Who would have thought I would have become bored with Laguna Beach, Parental Control and Yo Mamma after seven short months? I needed some new terrain. I needed to find myself. I needed to spend the $260 I found in my son’s dresser before he discovered I had it. Joe Flaherty came to me in a dream and demanded that I call my friends at The Second City. He was clothed as a partially dressed Count Floyd, so I knew he was serious. I intended to enroll in their moonshine jug pottery class, but the only opening they had was in their Comedy Sketch Writing class. So I opted for that.
To prepare for the class, I watched all of Maury Amsterdam’s scenes from the old Dick Van Dyke Show. Or do you say Cock Van Lesbian? Either way works for me.
I was ten minutes late to the first class. The parking lot was full so I had to drive around a while until I was able to roll over a dead guy to park in his driveway. Mike, our reserved yet crafty and slightly crampy instructor, was not fazed by my tardiness. He introduced himself and asked me my name, to which I replied Maury Amsterdam, and I quickly made fun of the bald guy in the class, who happened to be him. I inflated the circle of seated students to create a spot for me diametrically opposed to Mike, except a little bit to the left, but I said diametrically opposed in an effort to show him who is boss – Carl Reiner.

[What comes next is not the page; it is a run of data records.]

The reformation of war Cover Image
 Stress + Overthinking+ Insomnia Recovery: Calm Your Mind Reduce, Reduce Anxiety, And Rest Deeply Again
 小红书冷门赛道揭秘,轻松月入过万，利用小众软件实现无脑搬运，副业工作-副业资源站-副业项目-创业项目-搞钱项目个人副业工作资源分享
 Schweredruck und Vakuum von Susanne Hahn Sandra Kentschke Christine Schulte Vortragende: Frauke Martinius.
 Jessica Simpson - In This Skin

The class consisted of one woman and seventeen men, who were all looking at the one woman with their mouths open. Even with faces agape, everyone had a look of grave concern. I thought I might have stumbled by accident into the obituary writing class instead of a comedy class. I asked the guy next to me which dead guy were we writing about? He said Maury Amsterdam. To lighten the mood, I tripped over an ottoman and Mary Tyler Moore tap danced on my face.
Mike was nice enough not to bore me by repeating the overview crap he had already presented to the rest of the class. He bored me enough with the twenty other minutes of overview he had not yet told. Eventually, we got to our first exercise, which was to interview a classmate and report back to the class how weird xe is. I was lucky enough to get to interview Kevin, a part-time college student, part-time bartender, and full time party dude. He had just gotten back from a week in the woods with a bunch of friends. He said he had to take some time to get away from all the drinking and having fun and naughty making. Good god, where the hell did I go wrong! My life sucks next to this guy! Kevin seems like a good guy and he made it a point to tell me he is not a spoiled asshole. Duly noted. He interviewed me, as well, and seemed impressed that I was not dead yet. We all told each other about each other. I don’t remember anybody’s name or anything about anybody. Well worth my son’s $260, so far.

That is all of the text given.